↓↓↓

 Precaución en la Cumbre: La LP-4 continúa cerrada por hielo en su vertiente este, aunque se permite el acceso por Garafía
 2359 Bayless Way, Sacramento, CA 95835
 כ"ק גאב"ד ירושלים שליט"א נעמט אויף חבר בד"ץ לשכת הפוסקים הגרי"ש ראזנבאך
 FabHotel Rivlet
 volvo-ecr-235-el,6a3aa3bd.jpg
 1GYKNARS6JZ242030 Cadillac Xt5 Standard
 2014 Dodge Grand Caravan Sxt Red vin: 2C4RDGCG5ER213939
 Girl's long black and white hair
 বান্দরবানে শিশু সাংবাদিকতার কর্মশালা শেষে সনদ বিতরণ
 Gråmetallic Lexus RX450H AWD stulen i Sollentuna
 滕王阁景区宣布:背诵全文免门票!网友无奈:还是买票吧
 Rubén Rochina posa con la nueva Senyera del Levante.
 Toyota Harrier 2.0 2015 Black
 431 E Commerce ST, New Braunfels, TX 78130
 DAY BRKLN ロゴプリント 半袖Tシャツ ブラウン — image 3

↑↑↑

Reproduce exactly the lines of the records above from the one with "Girl's long black and white hair" to the one with "Toyota Harrier 2.0 2015 Black", both included, and leave out everything else.

_Output of the task:_
 Girl's long black and white hair
 বান্দরবানে শিশু সাংবাদিকতার কর্মশালা শেষে সনদ বিতরণ
 Gråmetallic Lexus RX450H AWD stulen i Sollentuna
 滕王阁景区宣布:背诵全文免门票!网友无奈:还是买票吧
 Rubén Rochina posa con la nueva Senyera del Levante.
 Toyota Harrier 2.0 2015 Black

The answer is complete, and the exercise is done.